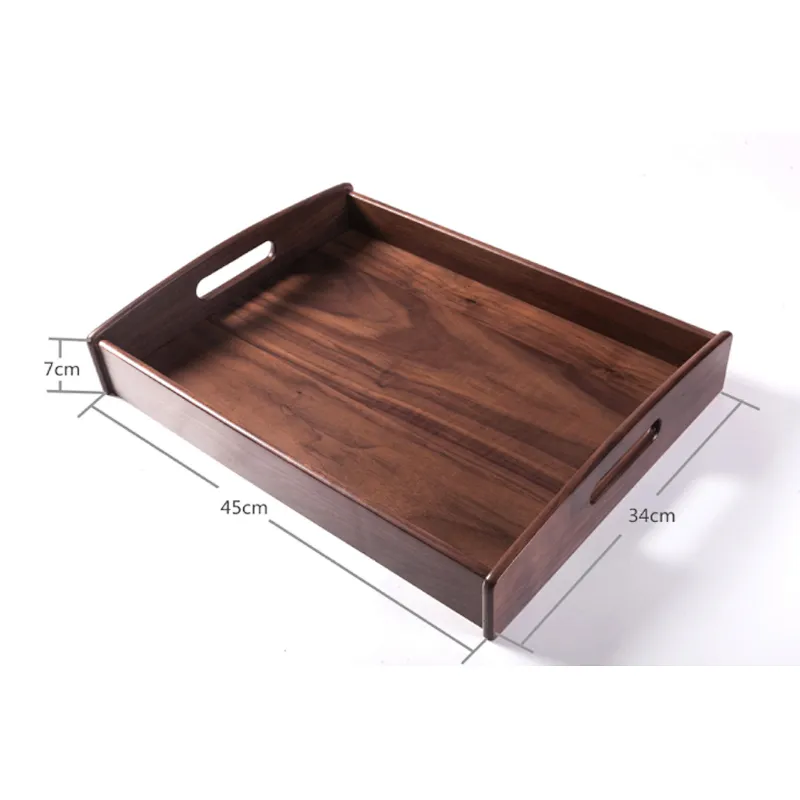 Uweld Kitchens Natural Solid Wood Pizza Serving Plate Wood Serving Trays Black Walnut Serving Plates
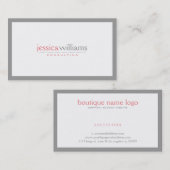 Eenvoudig wit met grijze rand visitekaartje (Voorkant / Achterkant)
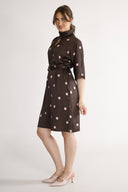 Cornelia dress brown with pink dots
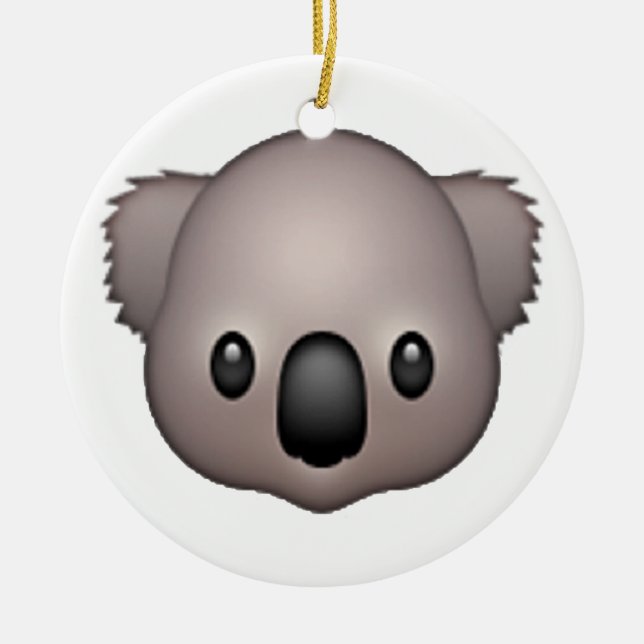 Ornamento De Cerâmica Koala - Emoji (Frente)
= = = =
### Work task
In your output, include only the lines from the line containing "Eenvoudig wit met" through the last line of the material above, exactly as they appear, and leave out the pictures.

### Your solution
 Eenvoudig wit met grijze rand visitekaartje (Voorkant / Achterkant)
 Cornelia dress brown with pink dots
 Ornamento De Cerâmica Koala - Emoji (Frente)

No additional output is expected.